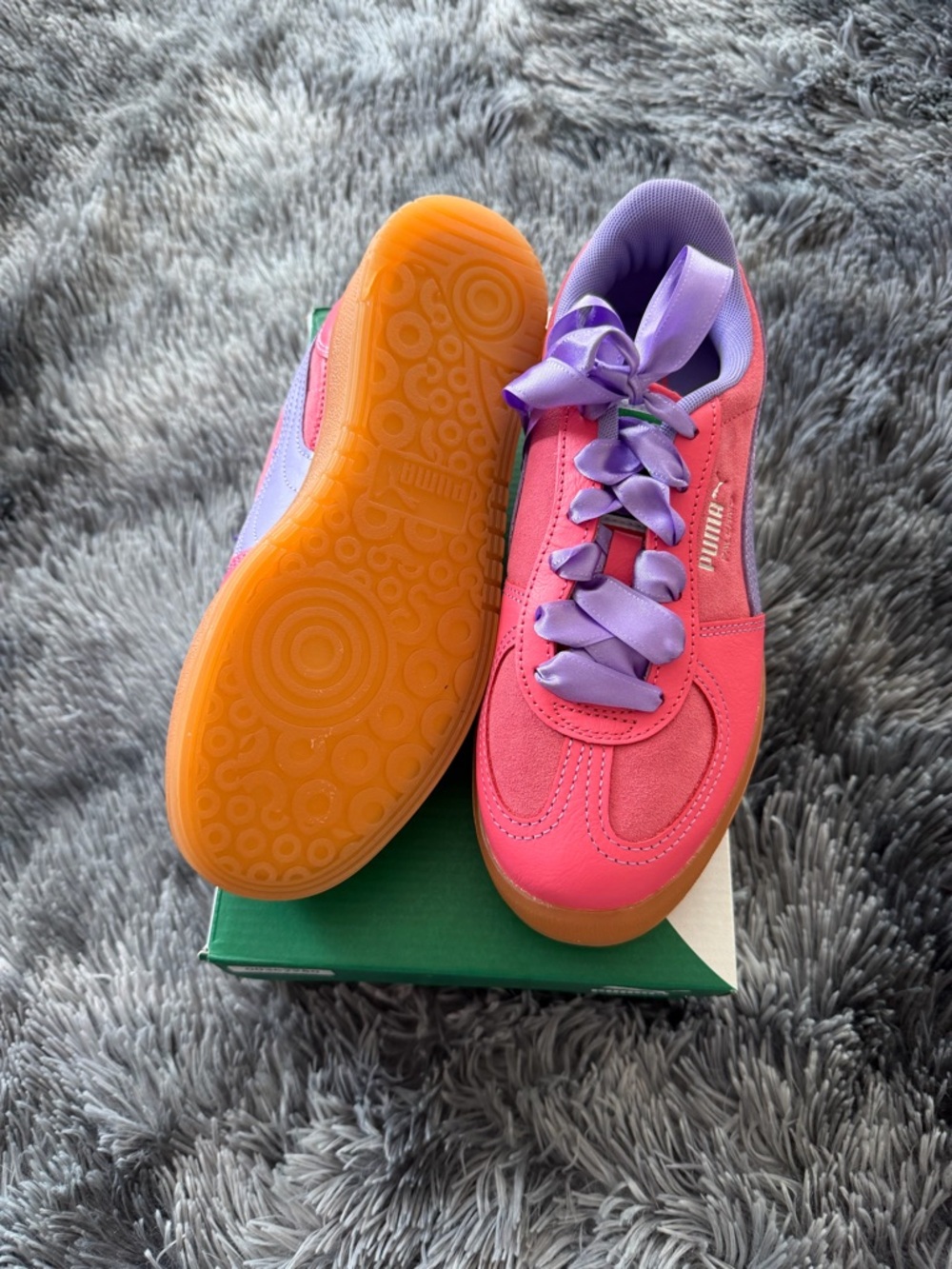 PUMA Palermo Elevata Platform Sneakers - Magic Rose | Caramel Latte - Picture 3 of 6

...

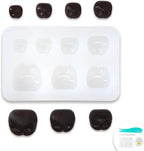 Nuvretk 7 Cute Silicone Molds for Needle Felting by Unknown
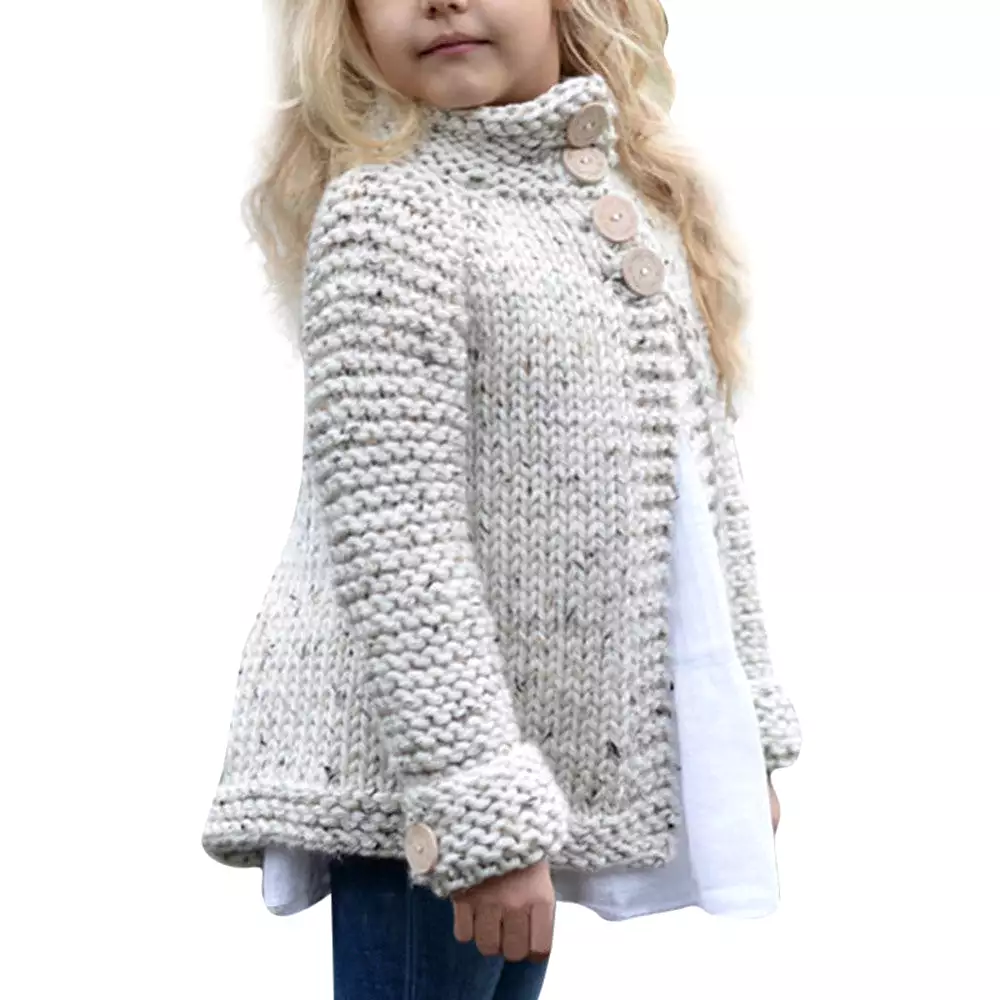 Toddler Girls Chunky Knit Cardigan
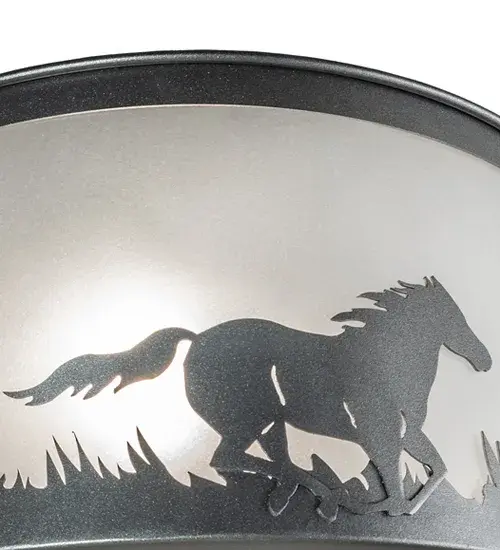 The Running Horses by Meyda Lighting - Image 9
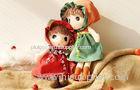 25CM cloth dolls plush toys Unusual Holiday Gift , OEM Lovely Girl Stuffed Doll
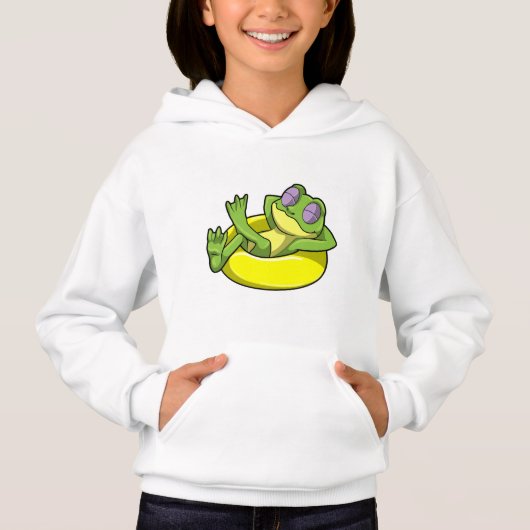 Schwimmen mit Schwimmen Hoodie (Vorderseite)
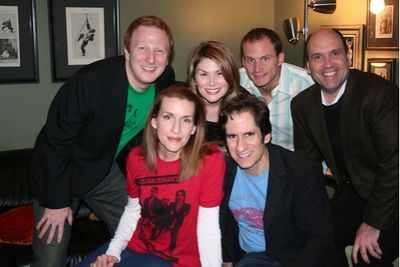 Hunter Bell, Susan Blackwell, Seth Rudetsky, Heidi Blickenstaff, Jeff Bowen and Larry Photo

--

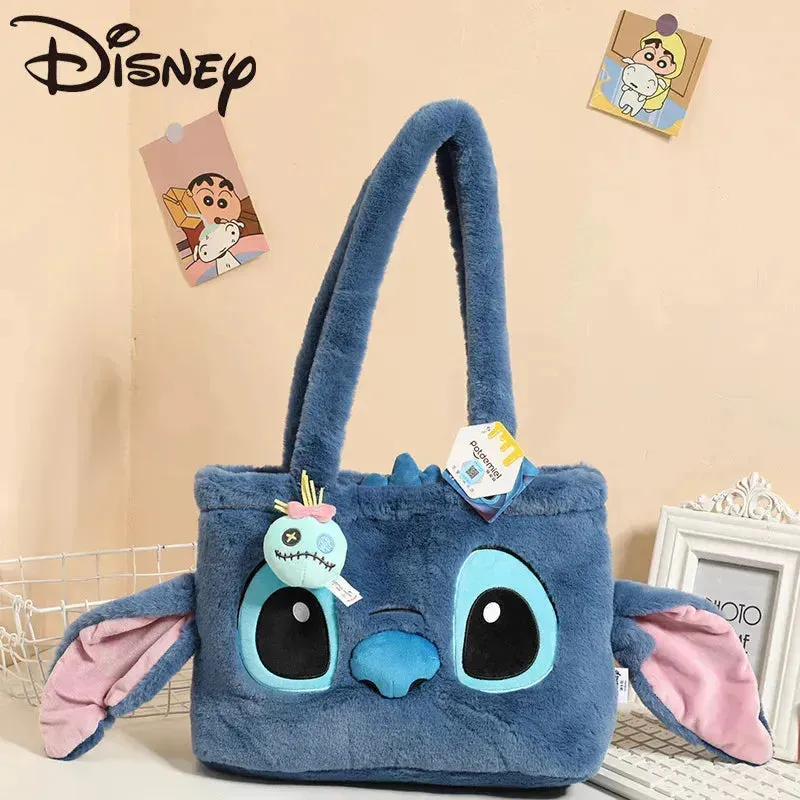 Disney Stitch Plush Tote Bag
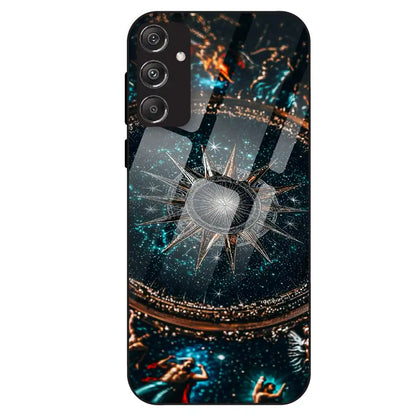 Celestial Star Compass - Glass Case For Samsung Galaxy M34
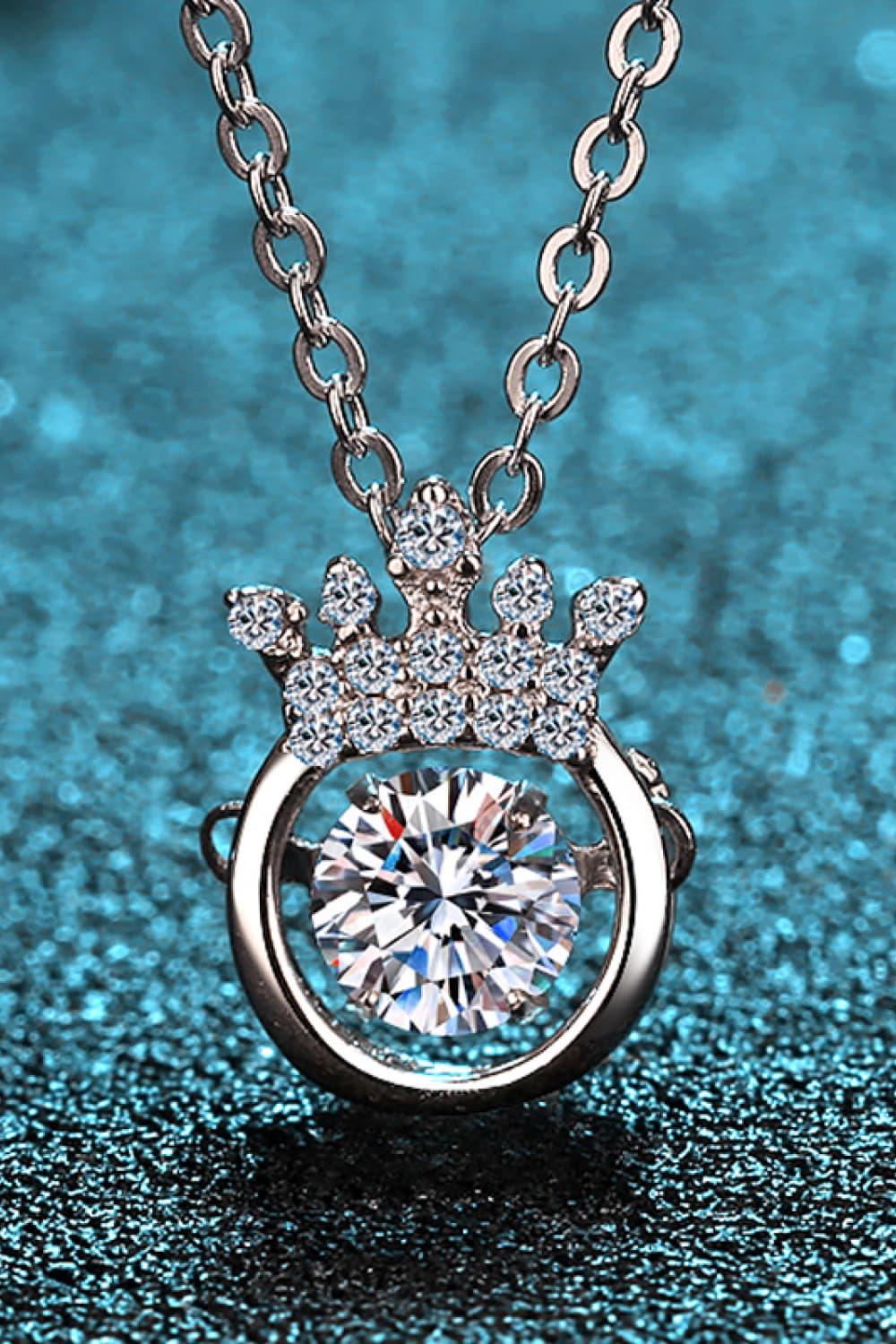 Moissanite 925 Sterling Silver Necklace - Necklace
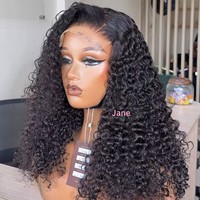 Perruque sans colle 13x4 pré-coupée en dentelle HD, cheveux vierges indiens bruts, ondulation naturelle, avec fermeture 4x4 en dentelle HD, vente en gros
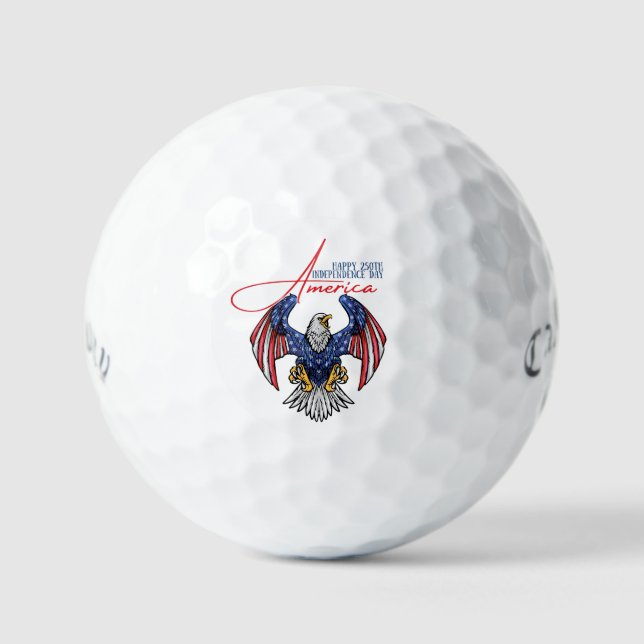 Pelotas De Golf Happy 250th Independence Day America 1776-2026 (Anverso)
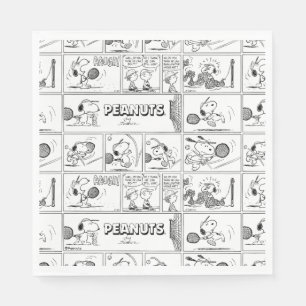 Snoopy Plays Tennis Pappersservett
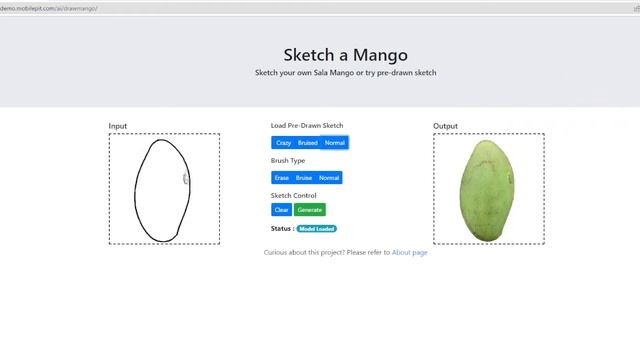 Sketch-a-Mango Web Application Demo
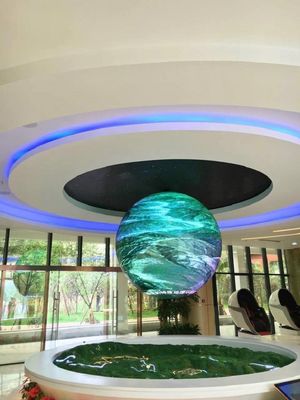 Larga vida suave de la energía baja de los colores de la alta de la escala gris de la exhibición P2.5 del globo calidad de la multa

#### The problem:
Copy exactly, without pictures, the lines above from the one with "The Running Horses" down to the one with "Hunter Bell, Susan", inclusive.

#### Solution to the problem:
 The Running Horses by Meyda Lighting - Image 9
 25CM cloth dolls plush toys Unusual Holiday Gift , OEM Lovely Girl Stuffed Doll
 Schwimmen mit Schwimmen Hoodie (Vorderseite)
 Hunter Bell, Susan Blackwell, Seth Rudetsky, Heidi Blickenstaff, Jeff Bowen and Larry Photo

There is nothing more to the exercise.